PhD Alum Danielle Pollock Pursues Her Love of Libraries, Research and Teaching
When Danielle Pollock was an undergraduate, she and a friend devised a plan to open an independent bookstore someday. The rise of online shopping and e-books stymied their dreams, but actually led to some of the research work that the UT PhD alum does today.
“I always knew I was interested in libraries – not just that I liked books, but I liked doing research. When I was looking at potential master’s, I knew that if there was one thing I wanted to do for the rest of my life, librarianship would be that,” she said.
After earning her undergraduate degree in English from the University of Houston, Pollock went on to get a master’s degree in library science from the University of Missouri. She had helped build the library at the Missouri Department of Transportation prior to earning her MLIS, as a graduate research assistant.
“I had the very rare position of having my graduate research assistantship become my full-time position,” she said.
Her first position in a library, before earning her master’s, was working for the children’s department in a branch of the Houston Public Library. After getting her master’s, she became a technical librarian at the Sandia National Laboratories in Albuquerque, New Mexico, which was a uniquely different experience than her previous library positions and allowed her to pursue the research she was interested in conducting.
“I had a lot of ideas for research, and one of the projects I was working on was uses of e-readers and tablets…I wanted to continue exploring things in the area of looking at communities of scientists and researchers, and their information behaviors that change, and don’t change,” she said.
It was during that research that Pollock decided she wanted to pursue a higher degree.
“I was familiar with the UT program and I decided it was the right one for me, specifically because they do a lot of work with ORNL [Oak Ridge National Laboratories],” she said.
She worked with Chancellor’s Professors Carol Tenopir and Suzie Allard on the DataOne project during her time as a PhD candidate, and has continued the work she started on her dissertation. That researched information adoption in healthcare, such as the changes that innovation brought about in the healthcare environment and communication behaviors.

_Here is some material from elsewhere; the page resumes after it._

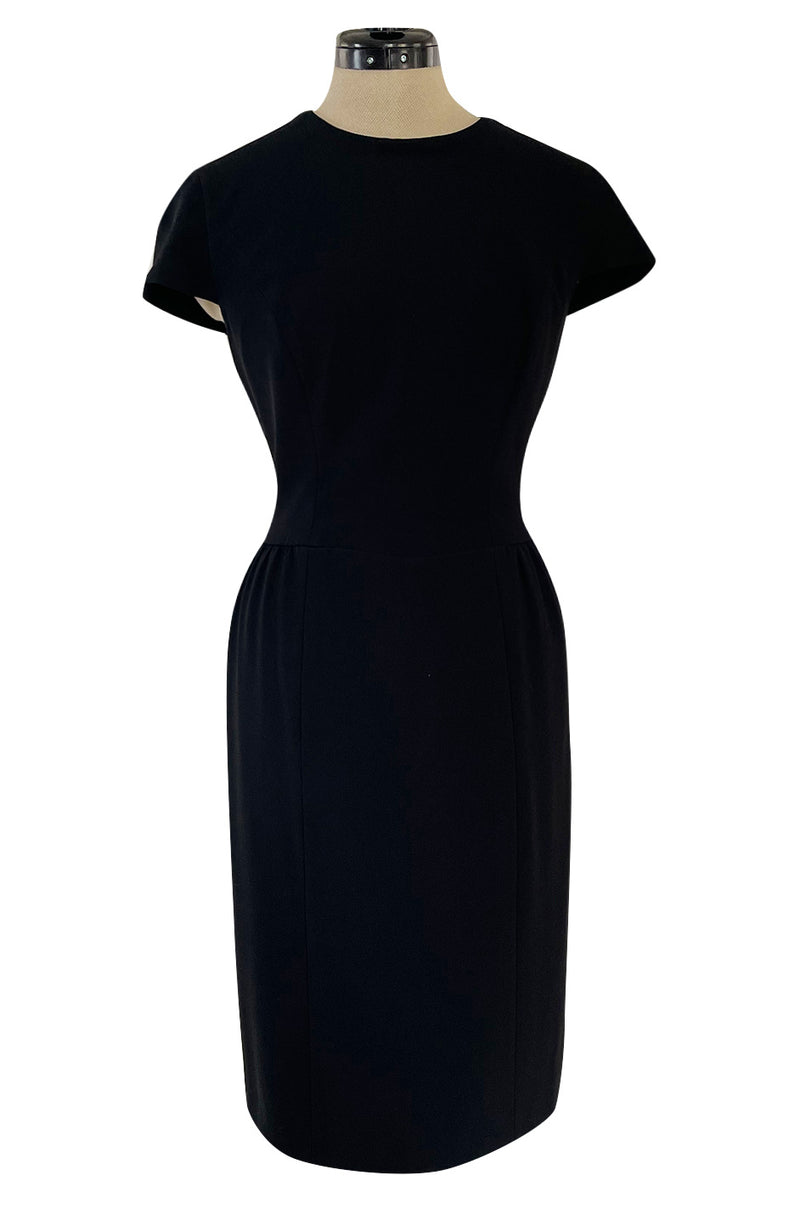Early 2000s Moschino Cheap & Chic Black Stretch Crepe Dress w Removabl Shrimpton Couture Early 2000s Moschino Cheap & Chic Black Stretch Crepe Dress w Removabl Shrimpton Couture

For example, an app that allowed physicians to communicate via secure text messages to each other – which brought about concerns of the physicians’ privacy when it was installed on a private phone.
After she graduated with her doctoral degree, Pollock became an assistant professor at Simmons University in Boston, where she teaches information to technology classes, metadata, and intersectionality and information technology. She said she loves teaching and that she is able to continue the research she started, which has involved into interdisciplinary communication and cooperation between scientists.
“I’m going to start [a project] looking at first-generation college students who go on to pursue research careers and how those particular innovative individuals experience the process of and seek information on choosing a graduate program and then choosing their first careers in a research-intensive field,” she said.
As for her experience at UT, Pollock said she was given a lot of support and opportunity. She was able to collaborate with researchers whose work she’d been reading for years, and she was exposed to working with people in other disciplines.
“I will not kid anybody, it is quite a bit of work, though it’s a very unique experience and I have been able to do a lot of exciting things,” she said.